Thursday, 18 October 2007
Never A Shot Fired
There is a certain irony about having an albatross colony smack bang in the middle of an old defence outpost. In 1870 something (I have still to learn my dates) there was a perceived threat to New Zealand's coastline from Russian warships ...
As part of the defence effort, a gun (canon) with the ability to pop up, fire and then disappear back down into its hidden burrow, thus (in theory anyway) completely foxing enemy ships, was shipped over from England.
View through the Observation Post where the soldiers looked out for enemy ships.
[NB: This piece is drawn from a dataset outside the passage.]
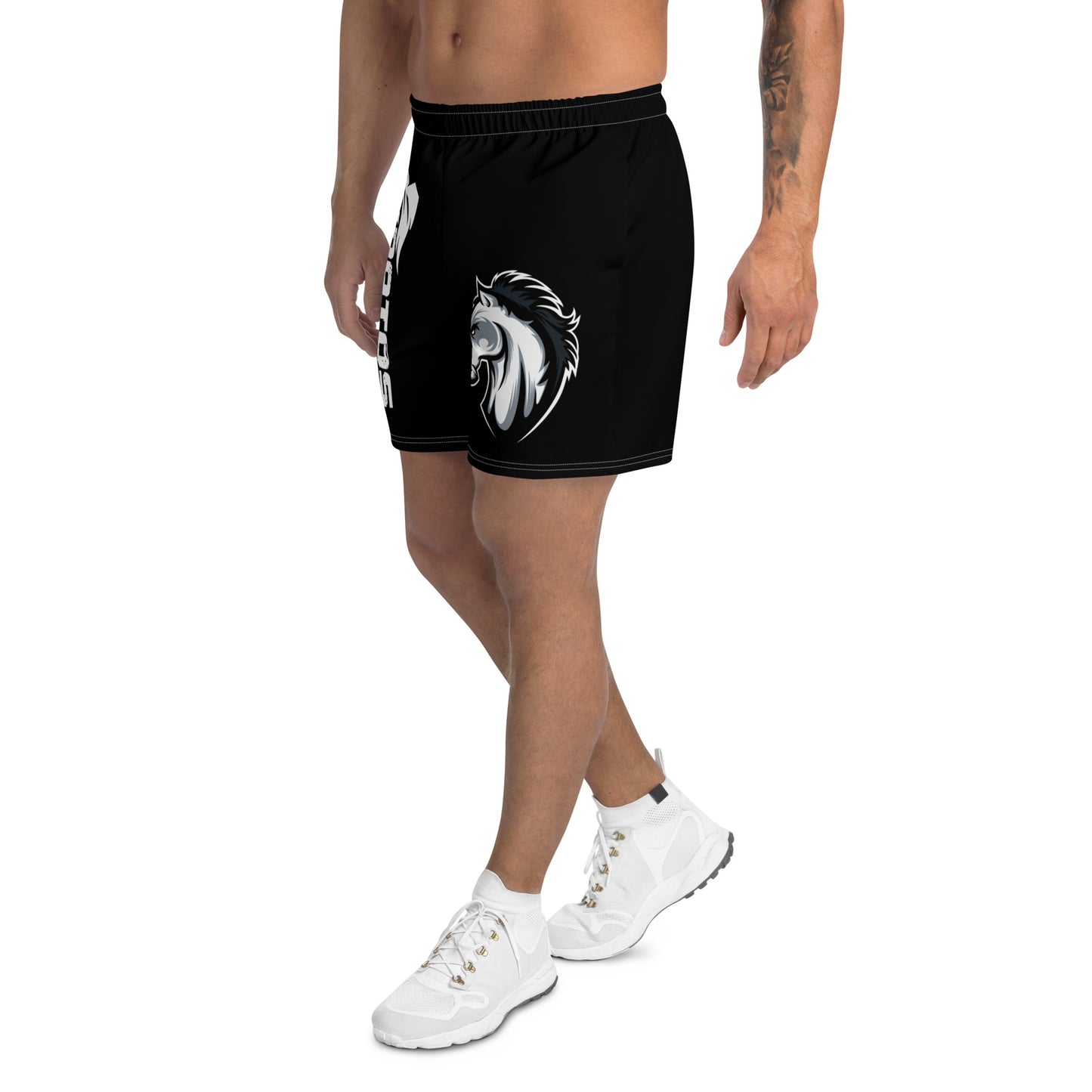 WHITE BRONCO Men's Recycled Athletic Shorts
None arrived.
Today all we saw was an Australian naval ship on its way out of port after a visit. The obvious jokes were made! (Kiwis and Aussies enjoy having each other on ..)
We did see albatross soaring, and a few little swallows dipping and flying above the grass.
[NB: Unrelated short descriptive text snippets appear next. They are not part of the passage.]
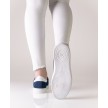 blauwe salsa danssneakers voor latin dansstijlen met twee draaipunten suny 7005 voor betere draaibewegingen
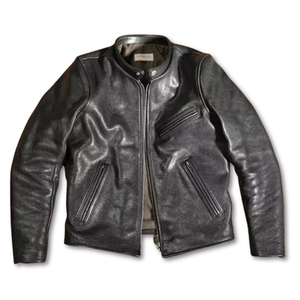 Veste en cuir à manches longues pour homme, coupe-vent, style automne, noir, vêtements de moto - Product Image 6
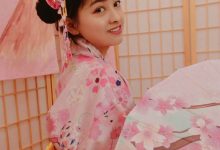 可爱粉嫩美女日系和服写真图片-亿套图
The gun was then duly ensconced into a custom-made basalt-lined pit in the dunes.
Whitewashed basalt-lined tunnel walls.
Secret tunnels were dug in order for the army soldiers to get to and from.
The gun (known as the Armstrong Disappearing Gun) is still there today, resplendent in Army Green. It still works too, although it has been a long time since it was tested. And as events and history unfolded, it was never needed, and so has never been fired in anger.
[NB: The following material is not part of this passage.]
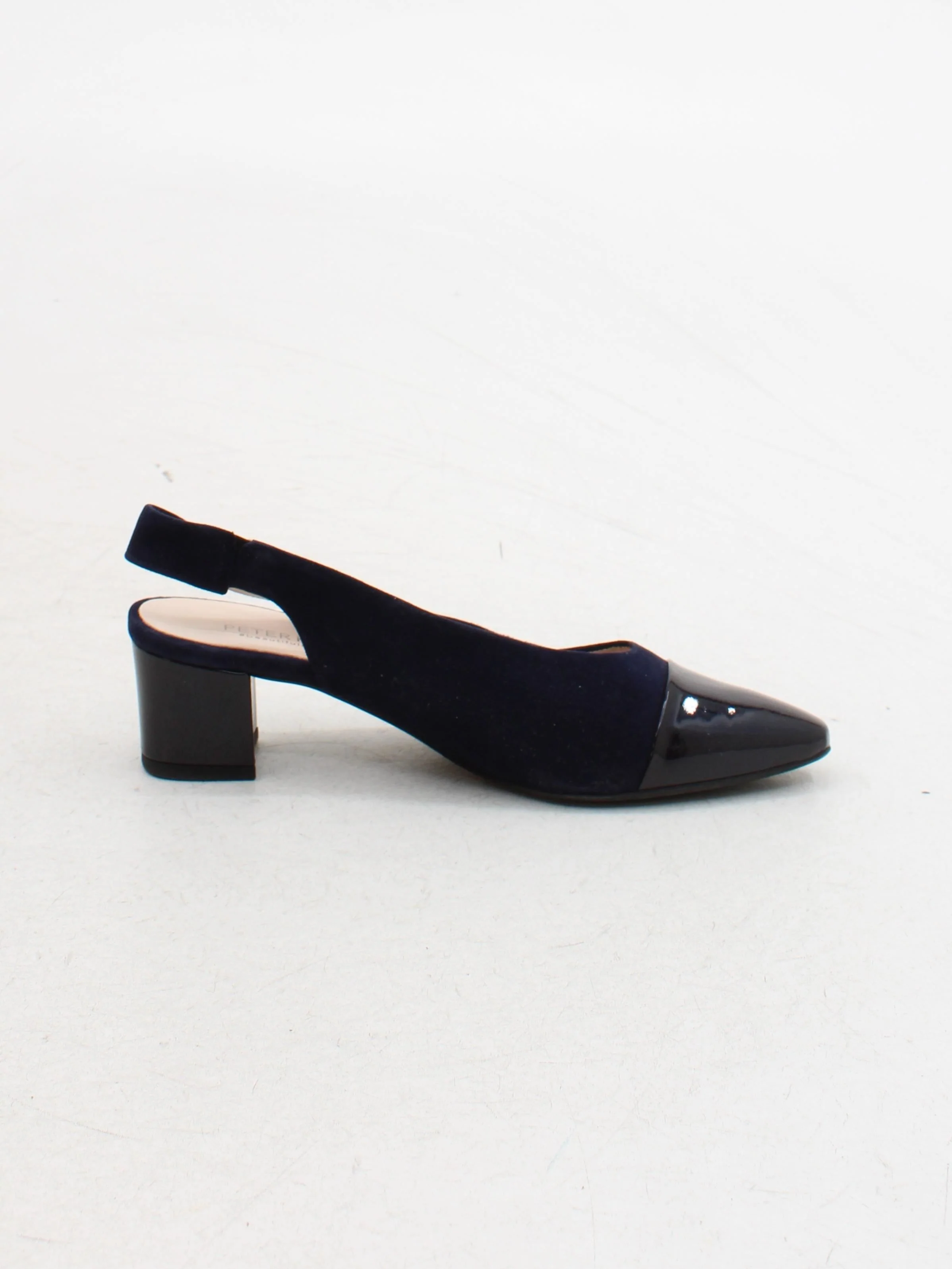 PETER KAISER Women's Heels UK 4 Blue Leather with Faux Leather Court - Image 5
I cannot help but smile at the dear old albatross deciding to plonk itself on the headland among the fort and barracks. The albatross first chose Taiaroa Head as a breeding site in 1920, so was still breeding there during the Second World War and the Home Guard's training camps.
Part of the Museum display at the Fort.
Learning these and other fascinating facts is part of my homework tonight.
Right now at the colony, the albatross are arriving and establishing pair bonds and re-establishing breeding pairs (getting married again, so to speak.) For the next fortnight or so, they cannot be disturbed as they choose nesting sites and generally settle down for the long 13-month breeding cycle. At present until we are trained and can accompany the tourists and visitors, we have to be content with spotting them whenever they leave the headland to soar overhead towards the Albatross Centre. I haven't been able to get a photo as yet. But it is a goal.
Pilots Beach, where there are fur seals to be seen.
What a sight it is to see the albatross soaring. 'In all of nature there is hardly a more inspiring image than that of an albatross in flight. Its seemingly effortless sweep over rimless, often storm-tossed ocean speaks of a graceful endurance and a thorough command of its realm.'
* A quote from the writer Neville Peat from the book, 'The World of the Albatrosses' written by him and illustrated by Chris Gaskin.
Two painted bus shelters I go past on my walk to the car-pool pick-up point.